The result is again consistent with the output of chisq.test().

One nice thing about our calculation is that we can also get an idea of how the groups differ by computing the fractional difference of the observed and expected frequencies:

(tbl-Exp)/Exp
             ethnicity
homeTown            Asian       Black    Hispanic Mixed_Other       White
  big_city     0.57070938  1.20413534  1.32631579 -0.15985312 -0.73792293
  Medium_City -0.16304348 -0.12698413 -0.18518519  0.53488372  0.08035714
  Small_Town  -0.61462451 -0.66233766 -0.49862259  0.15433404  0.47199675
  suburbs     -0.03485844 -0.31112957 -0.39534884 -0.11833423  0.17137666

We see that there are unexpectedly large proportions of Black and Hispanic students living in big cities, unexpectedly small proportion of White students living in big cities, unexpectedly small proportions of Asian and Black students living in small towns.

Two-Sample t-Test

In the Spring 2014 Stat 100 survey, one question was:
On a scale of 0–10 rate where you fall: “0” means you strongly favor gay marriage… and “10” means you strongly oppose gay marriage.

We want to know if there is any difference between males and females towards gay marriage.

The response on the gay marriage question is in the column labelled ‘gayMarriage’ and the gender information is in the column ‘gender’. We plot histograms for males and females to see if there is any obvious difference:

library(lattice)
histogram(~gayMarriage | gender, data=survey, layout=c(1,2))

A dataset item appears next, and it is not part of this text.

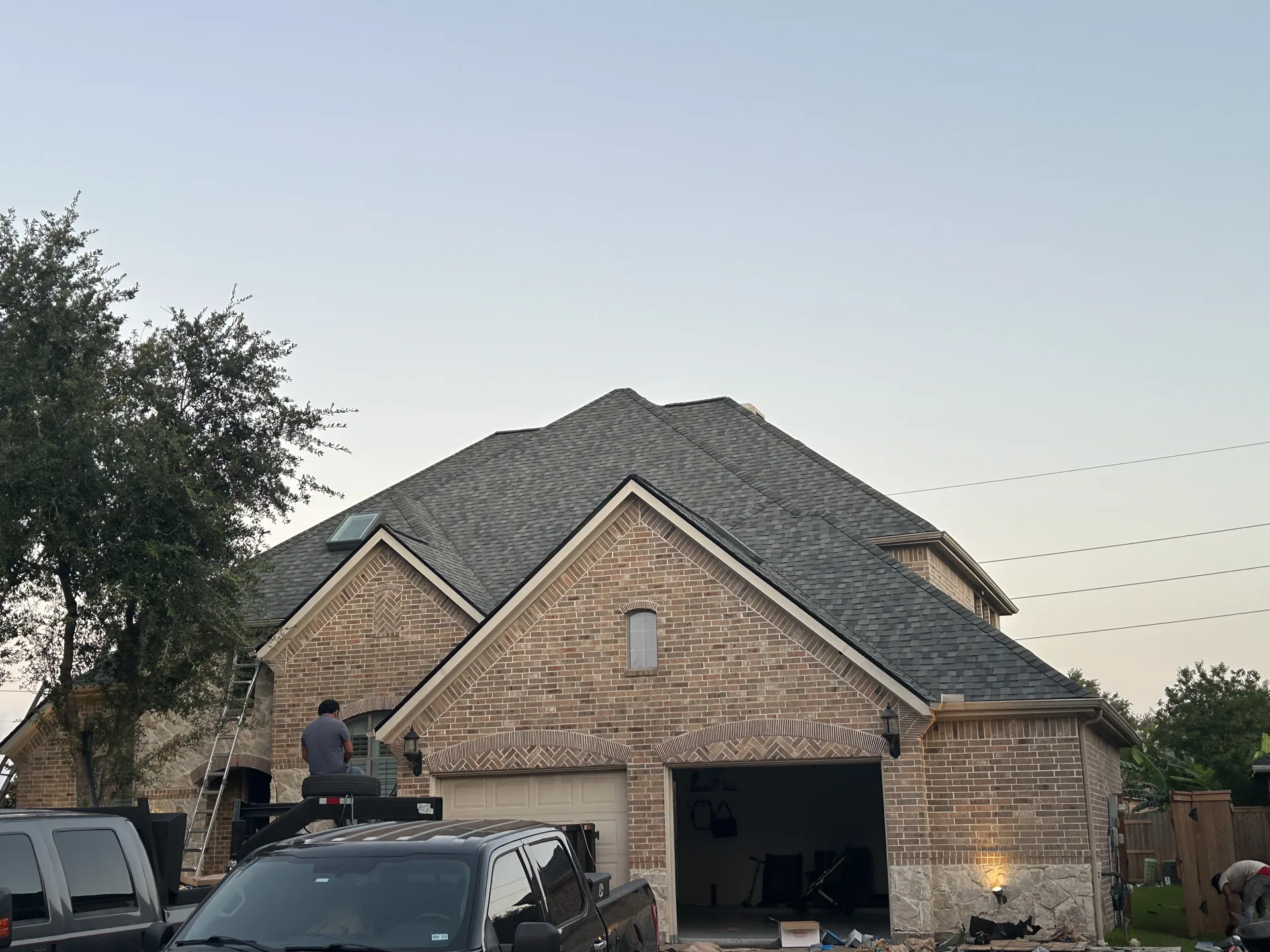 CertainTeed Landmark PRO Re-Roof photo in First Colony / Sugar Land, Sugar Land TX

Here we use R’s lattice graphics function histogram() to create conditional plots. The layout=c(1,2) option specifies the histograms should be plotted on a single column with two rows.

Another useful plots are box plots, which can be generated by the boxplot() or simply the plot() command

plot(gayMarriage ~ gender, data=survey,las=1)

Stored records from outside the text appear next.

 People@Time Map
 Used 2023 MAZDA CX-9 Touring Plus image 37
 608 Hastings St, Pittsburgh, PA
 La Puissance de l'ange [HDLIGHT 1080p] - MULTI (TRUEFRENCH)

When the x-axis variable is a factor, the plot() command generates a box plot for each category1. Note that the thick lines are medians. It is useful to indicate the means on the plots as well since the t-test compares the group means not medians. We can use tapply() to calculate the group means and points() to add them to the box plots:

means <- tapply(survey$gayMarriage, survey$gender, mean)
plot(gayMarriage ~ gender, data=survey,las=1)
points(means, col="red", pch="+")

The red +‘s denote the means in the box plots. It appears from the histograms and box plots that females have lower values in the ’gayMarriage’ variable, suggesting that females tend to favor gay marriage compared to males.

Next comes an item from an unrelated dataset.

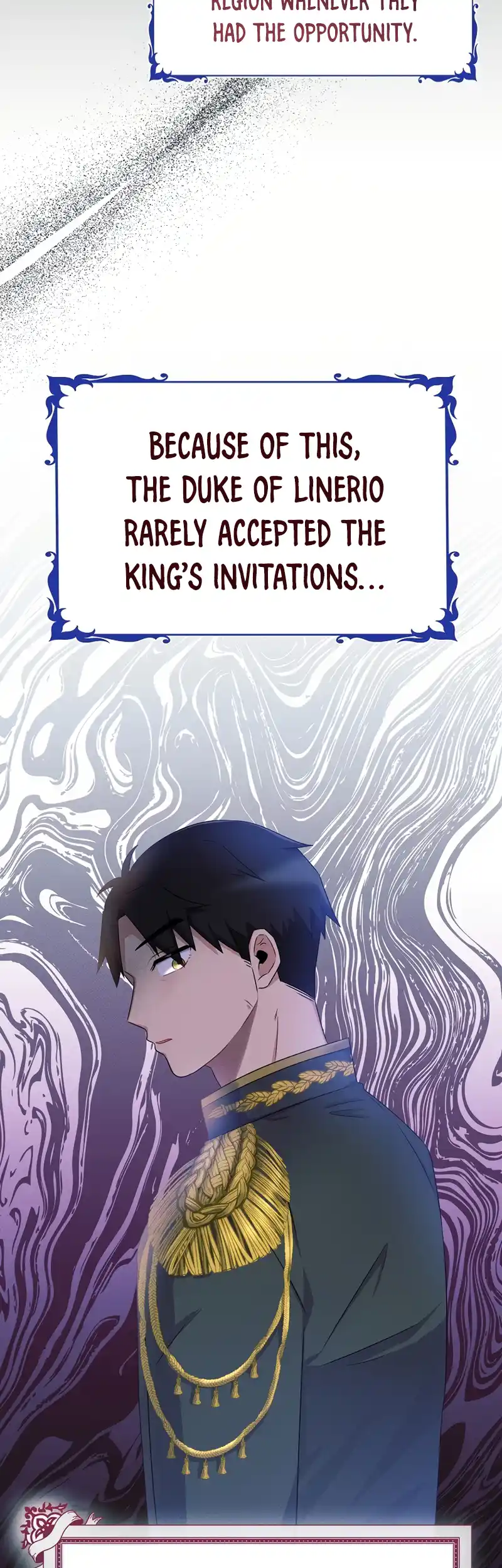 The Abandoned Princess Rebels chapter 4 page 4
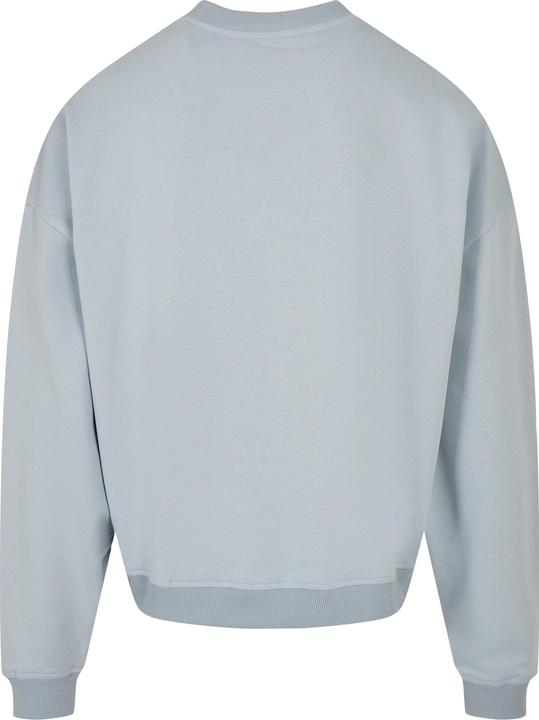 Actual product image Urban Classics 80's Crewneck - 17016 (S)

We can perform a t-test to see if the group means for ‘gayMarriage’ show a significant difference between males and females. The command t.test() can be used for this analysis. In particular, if x is a binary factor variable and y is a numeric/integer vector,

t.test(y ~ x, data=data_name, alternative=c("two-sided","less","greater"), 
       var.equal=TRUE)
compares the means of y in the two groups specified by the factor variable x. The optional parameter alternative specifies what alternative hypothesis is. The default is “two-sided”. In this case, the hypotheses are
null H0: the means are the same for the two groups
alternative Ha: the means are different for the two groups

The option var.equal=TRUE assumes that x and y have the same variances and the pooled variance is calculated. If the option var.equal=TRUE is omitted, t.test() performs a more complicated analysis assuming the two variances are not equal. The Welch t-test, which some of you may have learned in a more advanced Stat course, is performed in that case. We will always use the option var.equal=TRUE in this course. Let’s apply the function to our data:

t.test(gayMarriage ~ gender, data=survey, var.equal=TRUE)

    Two Sample t-test

data:  gayMarriage by gender
t = -5.5244, df = 856, p-value = 4.388e-08
alternative hypothesis: true difference in means is not equal to 0
95 percent confidence interval:
 -1.7074607 -0.8122462
sample estimates:
mean in group Female   mean in group Male 
            2.140820             3.400673

Here gayMarriage is y and gender is x. Since ‘gender’ is a two-level factor variable with ‘Female’ as the reference level, the difference between the means is \(mean(gayMarriage_{Female})-mean(gayMarriage_{Male})\). The result shows that the difference between the means for females and males are highly significant. The p-value is 4.4×10-8, and the 95% confidence interval of \(mean(gayMarriage_{Female})-mean(gayMarriage_{Male})\) is (-1.707,-0.812). This means that females tend to favor gay marriage compared to males. The p-value is two-sided since we don’t specify the alternative parameter and it takes the default value.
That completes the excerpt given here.